Our Committee continued its monthly meetings with CHR Chair Sadie Alexander. It recommended Jack Weiner of the Amalgamated Clothing Workers Union to serve on CHR and he was appointed by Mayor James Tate. (Some twenty years later, after retirement as Regional Director of AFL-CIO’s Human Resources Development Institute, I was appointed to the City’s Commission on Human Relations by Mayor Goode. No trade unionist, incidentally, served as Commissioner in the interval between Weiner and me.)

On broader fronts, the Committee pressed for national civil rights legislation pending in Congress, commended President John Kennedy for his action in facilitating the entrance of a black student into the University of Mississippi and condemned anti-Semitism in the Soviet Union. It raised funds for two young Philadelphians conducting a voter registration drive in Albany, Georgia under the auspices of the Student Nonviolent Coordinating Council; it coordinated work with other Council committees, pointing out to the Political Action Committee that in Oklahoma it was the NAACP and other black groups that defeated a "Right to Work" proposal in that state, which indicated the progressive role of blacks as natural allies of the labor movement.

The Committee’s Last Period

On October 6, 1964 the Committee convened a meeting of Philadelphia’s union leaders. This well-attended event was addressed by the new AFL-CIO Civil Rights Department director, Donald Slaiman, and Andrew Freeman, new local Urban League director. Many Building Trades officers attended, including Joseph Burke, President of the Sheet Metal Workers, Local l9, and a severe critic of the February 27, 1963 report. It was here that the final agreement was reached to establish an Apprentice Outreach Program under NTULC sponsorship and here was the formal start of actually recruiting minorities, and later women, for the construction skilled trades — a program that lasted until 1981 when the AOP programs were no longer funded by the U.S. Department of Labor.

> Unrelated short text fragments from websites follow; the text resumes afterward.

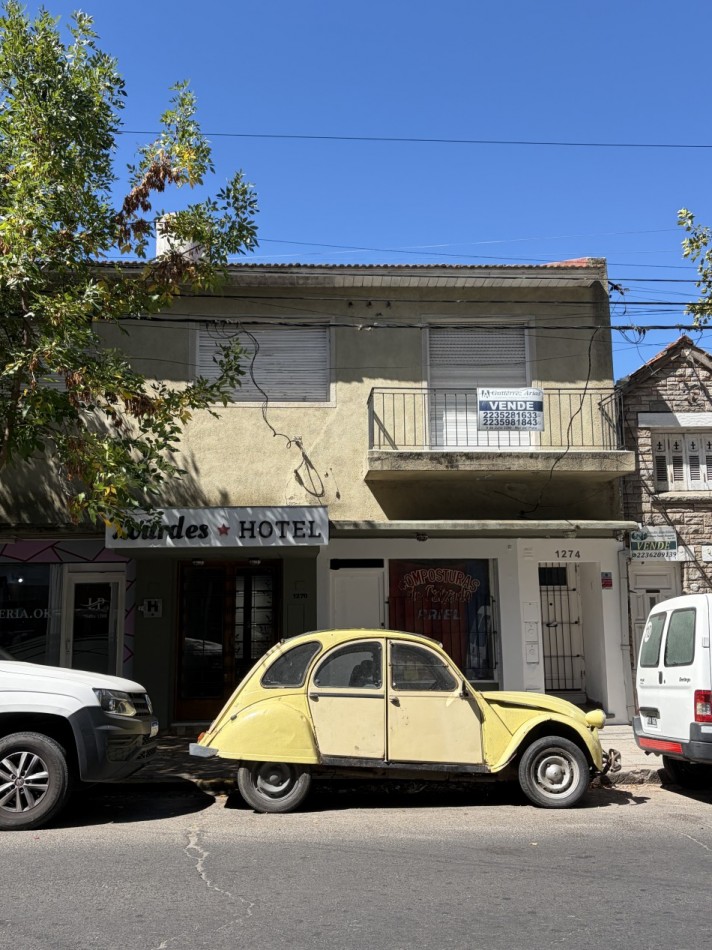 VENTA PH DE 3 AMBIENTES EN SALTA Y 3 DE FEBRERO 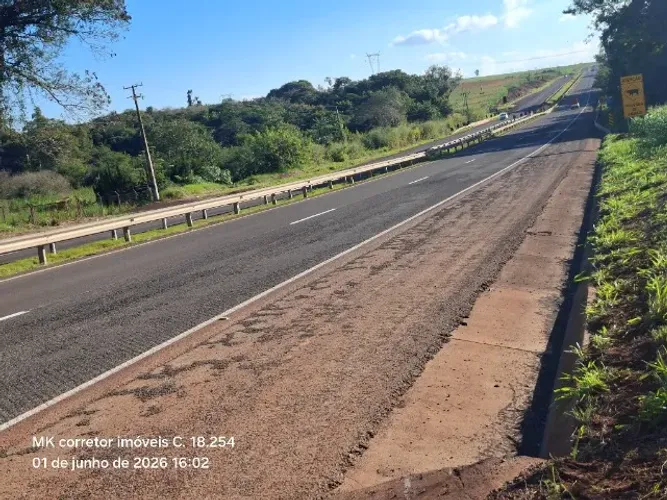 Chácara de 28.813,00 m2, lote 01, região da Gleba Couro do Boi em Jataizinho.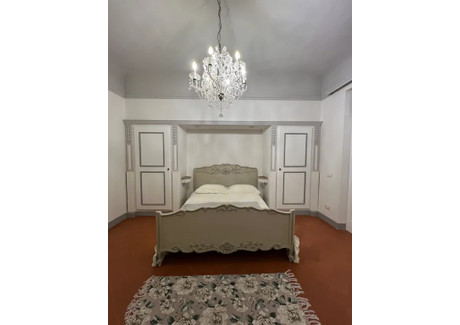 Mieszkanie do wynajęcia - Via di Santo Spirito Florence, Włochy, 70 m², 3198 USD (12 280 PLN), NET-95818156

JOINT — the cooperative activities of NTULC and JLC — continued its monthly luncheons and involvement in a variety of community actions. Jimmy Jones and Joe Schwartz became a leadership team for progressive action. Despite some weak spots, the Philadelphia labor movement, spearheaded and sometimes prodded by its Human Rights Committee, was acknowledged as an important local force of the 1960s civil rights revolution. Norman Blumberg, President of the Philadelphia AFL-CIO Council, died unexpectedly in January, 1965. A painter by trade, he had come out of the building trades. Although he moved cautiously, he held the labor family together. And he supported the activities of the Human Rights Committee. Returning from a union conference in New York in December l963, he reported that organized labor’s aim is seeking "better opportunities for all regardless of race, creed or color." He supported better apprentice programs and better training for jobs. The Philadelphia AFL-CIO constitution provided that Secretary- Treasurer Joseph Kelley temporarily succeed to the presidency until a special election could be held. A heated campaign for president ensued between Kelley and Edward Toohey, Director of Philadelphia’s Committee on Political Education (COPE). Division was to a large extent on AFL versus CIO lines. There were battles over the apportionment of votes. The election was held in June 1965 with Toohey the victor by a close 52%-48% of votes cast.

Most of the CIO unions withdrew from the AFL-CIO Council and set up a separate Industrial Union Council which tried unsuccessfully to obtain a charter from AFL-CIO’s national Industrial Union Department. Included in the group that withdrew was Steelworkers Representative Jimmy Jones, chairperson of the Human Rights Committee. Although the Council’s constitution provided for a Human Rights Committee as a standing committee, no new Chairperson was appointed to replace Jones. Committee members were not re-appointed and the Committee never met again.

Thus ended the tenure of Philadelphia’s official AFL-CIO Human Rights Committee. Labor’s work in the civil rights field in the city was carried forward in the following years primarily by JOINT (JLC-NTULC) and by several concerned unions.